In the episode Jean Luc Picard sends a team down to a planet that is a proverbial Eden. It is perfect in every way. The people are considered beautiful by the crews standard, there is no division, no poverty, and no sickness. No one, anywhere on the planet, ever broke any rules. Wesley Crusher, son to the doctor and a teenager, decides to spend some time with the kids on the planet playing some games. While playing a game of frisbee Wesley goes long and accidentally breaks a small greenhouse. In breaking the glass, Wesley also breaks a rule. It is then the crew learns every punishment, for every broken rule, was death. Wesley was going to be executed.
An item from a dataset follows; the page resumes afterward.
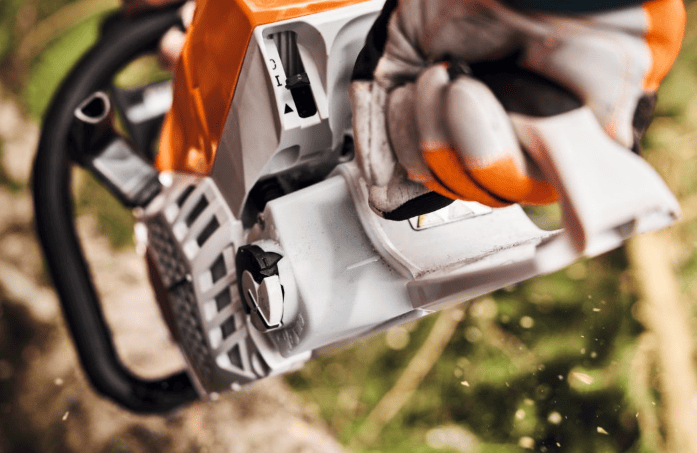 STIHL MOTOSEGA MS 400.1 C-M BARRA 50CM La STIHL MS 400.1 C-M è la nuova protagonista del mondo forestale. Progettata per offrire performance elevate con una gestione ancora più...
This episode is opposite from our American culture in two clear ways. We break laws/rules all the time, and breaking those rules results in scaleable punishment if caught. The Captain would spend the remainder of the episode trying to defend Wesley by discussing how ludicrous the punishment was. (I don't know, perhaps messing with their ecosystem and ruining their Eden was the real crime, but I digress.) Jesus, in our scripture also talks about law being ludicrous, but in a different way.
The law in question is working on the Sabbath. God created the Heavens and Earth in six day and on the seventh God rested. In honor and worship of God we are to rest on the seventh day as well. We should not work. Unless... Later in the scripture, the Jewish leaders would concede that if an animal were to fall in a well on the Sabbath, they would retrieve it. In this scripture Jesus points out how one works simply to give their animals water on the Sabbath. If one is willing to break the rules to help an animal, why wouldn't one break the rules to help an afflicted woman?
The point: Sometimes it's about doing what is right instead of following the rules. Rules are well and good, but rules can keep us from relating with one another. When Jesus said, "I have not come to abolish the law, but redeem it," I believe he was talking about redeeming the system to work for the people again, not against it. No one with Jesus could see the afflicted woman over and beyond the rule holding people back from helping her. There is a reason those rules existed to begin with, and that reason is what we should be living, not the rules themselves. So beam me up, LaForge, I think I'm done.